Gemany’s lack of leadership


The current hesitance of the German government of whether or not to deliver tanks to Ukraine (or at least allow other countries to deliver German tanks) is shameful! Whether it is based on a deeper political calculus vis-à-vis Russia or for domestic political reasons does not matter – the German government has failed in its European leadership role.  It also shows an amazing ignorance about history. Yes, after World War II, there should be no war ever again started from German soil; but this war has been forced upon us and the rest of democratic Europe by Putin’s brutal aggression against Ukraine.


There are different excuses, but the most telling is what recently a German journalist said: “After World War II, never again can German tanks be used against Russia”. Never mind that Russia has been brutally attacking Ukraine, another country invaded by Germany in World War II.  Another argument is pure fear – Putin will come after us if we send tanks, possibly even with nuclear weapons.  A rather naïve approach – does anyone think he would stop at Ukraine if he gets his way.
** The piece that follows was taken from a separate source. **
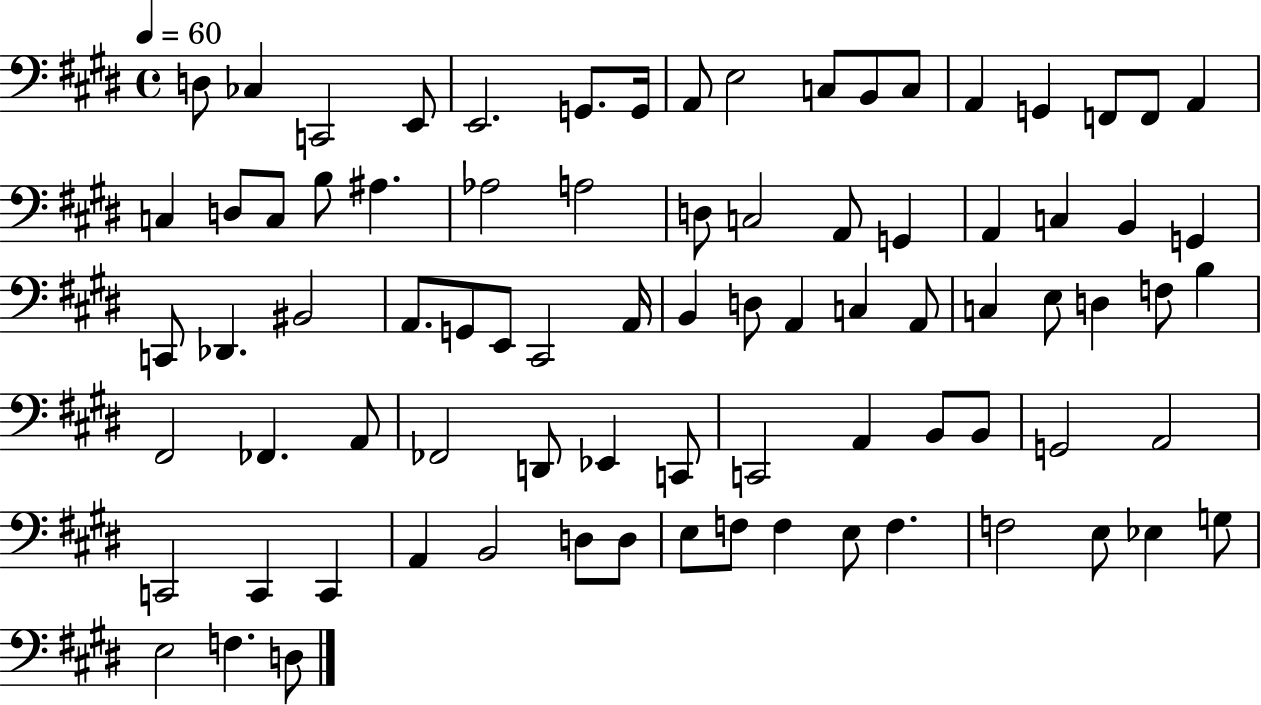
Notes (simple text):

D3/e CES3/q C2/h E2/e E2/h. G2/e. G2/s A2/e E3/h C3/e B2/e C3/e A2/q G2/q F2/e F2/e A2/q C3/q D3/e C3/e B3/e A#3/q. Ab3/h A3/h D3/e C3/h A2/e G2/q A2/q C3/q B2/q G2/q C2/e Db2/q. BIS2/h A2/e. G2/e E2/e C#2/h A2/s B2/q D3/e A2/q C3/q A2/e C3/q E3/e D3/q F3/e B3/q F#2/h FES2/q. A2/e FES2/h D2/e Eb2/q C2/e C2/h A2/q B2/e B2/e G2/h A2/h C2/h C2/q C2/q A2/q B2/h D3/e D3/e E3/e F3/e F3/q E3/e F3/q. F3/h E3/e Eb3/q G3/e E3/h F3/q. D3/e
Almost 80 years after the end of World War II one might think that Germany has finally found its role in Europe – unifying and leading where needed.  In many occasions over the past decades it has done so, but it has now all but given up any leadership role during the most immediate challenge for peace and democracy in Europe and that is not just sad and shameful, it is also dangerous.
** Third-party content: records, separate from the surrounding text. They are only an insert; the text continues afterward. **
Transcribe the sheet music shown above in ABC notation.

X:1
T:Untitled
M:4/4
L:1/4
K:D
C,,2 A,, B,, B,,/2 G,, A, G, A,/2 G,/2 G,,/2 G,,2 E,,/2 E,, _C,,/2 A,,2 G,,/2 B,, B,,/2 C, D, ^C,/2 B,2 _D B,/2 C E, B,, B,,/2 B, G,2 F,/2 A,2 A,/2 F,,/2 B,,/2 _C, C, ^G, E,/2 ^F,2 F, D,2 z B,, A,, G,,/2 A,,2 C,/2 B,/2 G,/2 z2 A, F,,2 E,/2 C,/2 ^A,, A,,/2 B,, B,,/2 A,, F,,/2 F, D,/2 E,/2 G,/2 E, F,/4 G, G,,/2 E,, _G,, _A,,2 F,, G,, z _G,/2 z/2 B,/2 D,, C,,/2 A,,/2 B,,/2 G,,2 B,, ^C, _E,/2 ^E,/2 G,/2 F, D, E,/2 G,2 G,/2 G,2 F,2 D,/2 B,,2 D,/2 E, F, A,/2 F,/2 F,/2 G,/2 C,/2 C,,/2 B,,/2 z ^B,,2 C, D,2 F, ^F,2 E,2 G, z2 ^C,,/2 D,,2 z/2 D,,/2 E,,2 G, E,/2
There is a lot of discussion that a long-term approach has to look beyond the war and to future engagement with Russia – after all, an approach like the defeat and occupation of Germany in 1945 is all but impossible with Russia.  And one has to avoid the Allied mistakes after World War I, pushing Germany economically and politically against the wall, facilitating the rise of Hitler. But any future engagement with Russia can only start after a complete defeat of Russia in Ukraine; anything else would simply encourage Putin (or any successor) to repeat such an invasion again in a few decades.


For the past year or so I thought that it was simply a lack of communication skills by the new chancellor; however, it seems more than that. A final argument against delivering tanks to Ukraine now is that the German public is not quite in favour yet. BUT: leadership is not waiting until opinion polls tell us that the right thing to do is finally popular; it is to do the right thing and tell people why one does it.